Configuration	Avg DSC (D1-D5)	Description
Base (No Sparsification)	71.35	Baseline MAE
+ Sparse Conv + BN	71.36	Sparse convolution and normalization only
+ Mask Token	71.37	Added learnable mask token
+ Densification Conv	71.66	Added densification convolution, +0.3 gain
Mask 60%	71.60	Static 60%
Mask 75%	71.66	Static 75%
U[60%-90%] Dynamic	71.65	Dynamic range, offering better flexibility

Key Findings¶

SSL pre-training is indeed effective: S3D outperforms the from-scratch baseline in 10 out of 11 test datasets, with an average improvement of +2 DSC.
MAE-based methods (MG, S3D) comprehensively outperform contrastive learning (VoCo) and volume fusion (VF) methods, indicating that reconstruction-based pre-training is better suited for CNNs.
Models Genesis (a legacy method from 2019) remains very strong under the correct backbone + large data setup, exposing the issue of subsequent methods evaluating on sub-optimal architectures.
Fine-tuning strategies are critical: omitting warm-up leads to a drop of 1-2 DSC, keeping the learning rate high impairs performance, and freezing the encoder performs poorly.
Densification convolution contributes the most (+0.3 DSC) among the sparsification components, addressing the issue of feature discontinuity between the encoder and decoder.

Highlights & Insights¶

The methodological value of "simple methods + correct settings" is extremely high: This work does not propose a new SSL paradigm but instead demonstrates that good engineering practices (large-scale data, SOTA architecture, and rigorous evaluation) can make a simple MAE achieve state-of-the-art (SOTA) results. This serves as a cautionary tale for the entire SSL field.
The three-pitfalls analysis framework (P1/P2/P3) can serve as a checklist for evaluating any SSL method to avoid unfair comparisons.
Systematic ablation of fine-tuning strategies is highly practical—the optimal combination of warm-up, learning rate, and weight transfer scope is not intuitive and requires experimental validation.
The 39K MRI dataset is sourced from 44 clinical centers, ensuring high data diversity and strong generalization of the pre-trained representation.

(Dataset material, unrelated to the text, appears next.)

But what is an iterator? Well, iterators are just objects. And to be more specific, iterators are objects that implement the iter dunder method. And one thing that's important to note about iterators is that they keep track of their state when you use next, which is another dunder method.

Limitations & Future Work¶

Pre-training data is limited to brain MRI, and transferability to other anatomical regions such as abdominal CT and whole-body MRI needs to be validated.
The pre-training dataset is private (clinical data), meaning that although the authors released the code and model weights, the dataset cannot be reproduced.
Only one architecture (ResEnc U-Net) was tested, and applicability to hybrid architectures (such as UNesT, MedNeXt) remains unknown.
The performance of the dynamic masking ratio is almost identical to that of the static 75% ratio, making the advantage of the dynamic strategy less obvious.
Future directions: Extending to CT data, and exploring combinations of masked pre-training with other SSL paradigms.

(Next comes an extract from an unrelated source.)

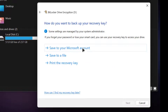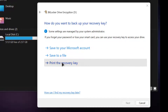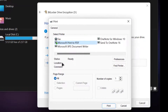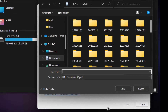Then choose where to save your recovery key. Here we go.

vs Swin UNETR: Performs masked pre-training based on a Transformer architecture, which in practice underperforms compared to CNNs in 3D medical segmentation, validating the P2 pitfall.
vs VoCo: A contrastive learning-based pre-training approach that performs poorly on the CNN backbone (avg rank 6.27), indicating insufficient adaptability of this paradigm in CNN pre-training.
vs Models Genesis: A "legacy" method from 2019 but with the right approach (masking + reconstruction), which becomes strong when combined with a SOTA architecture, contrasting with the unfair evaluation of subsequent methods.

Rating¶

Novelty: ⭐⭐⭐ MAE itself is not new; the contribution lies in systematic validation and engineering optimization.
Experimental Thoroughness: ⭐⭐⭐⭐⭐ Evaluation across 5+8 datasets, multi-dimensional ablation, and fair baseline comparisons set a gold standard for evaluation.
Writing Quality: ⭐⭐⭐⭐⭐ The three-pitfalls framework is clear, and the experiments are well-structured.
Value: ⭐⭐⭐⭐ Of significant reference value for the 3D medical SSL community, with direct practical benefit through the release of model weights.